Jonmichael Hands, Sr. Director, Product Planning, Fadu

Introduction

The exponential growth of data in the cloud-native era has intensified the demand for high-performance, cost-effective storage solutions. Flexible Data Placement (FDP) technology is emerging as a game-changer for enterprises, offering a way to optimize Solid State Drive (SSD) performance, endurance, and total cost of ownership (TCO). This article delves into how FDP addresses the notorious Write Amplification Factor (WAF) issue, revolutionizing data management for cloud-native and multi-tenant environments.

The Write Amplification Factor (WAF) Challenge

The WAF is a critical metric that reflects the efficiency of SSDs. It measures the ratio of actual NAND flash writes to the amount of data written by the host system. A high WAF means the SSD is performing more write operations than necessary, leading to:

- Performance degradation: Excess writes slow down the SSD.

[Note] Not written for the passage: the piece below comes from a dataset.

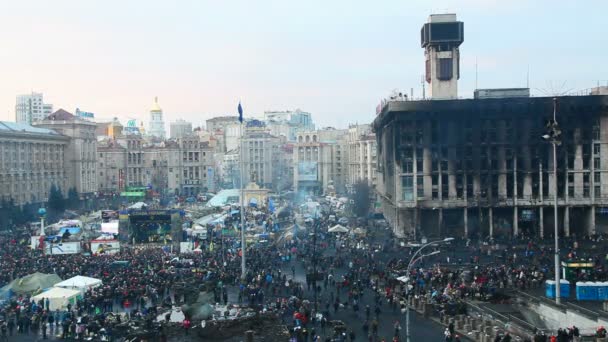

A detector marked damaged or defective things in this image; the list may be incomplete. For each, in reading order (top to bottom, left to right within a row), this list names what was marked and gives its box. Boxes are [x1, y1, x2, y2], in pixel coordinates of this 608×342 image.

burned building [372, 93, 608, 238]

- Reduced endurance: NAND flash has a limited number of write/erase cycles before wearing out.

- Increased power consumption: More writes require more energy.

How WAF Works

NAND flash memory is organized in blocks (tens to hundreds of megabytes) but is programmed in pages (usually 16 kilobytes). Before a block can be written to, it must be erased entirely. This process necessitates a mechanism called garbage collection (GC). GC identifies blocks with invalidated data, erases them, and then moves valid data to new blocks. This movement of data generates additional writes, contributing to the WAF.

Overprovisioning (OP), where extra storage space is allocated for garbage collection, is a common technique to mitigate WAF’s impact. However, OP is a compromise as it reduces the usable capacity of the SSD. OP’s effect on improving SSD random write performance, latency in mixed workloads, and endurance all come directly from the reduction in WAF. The equation for WAF = NAND writes / host writes.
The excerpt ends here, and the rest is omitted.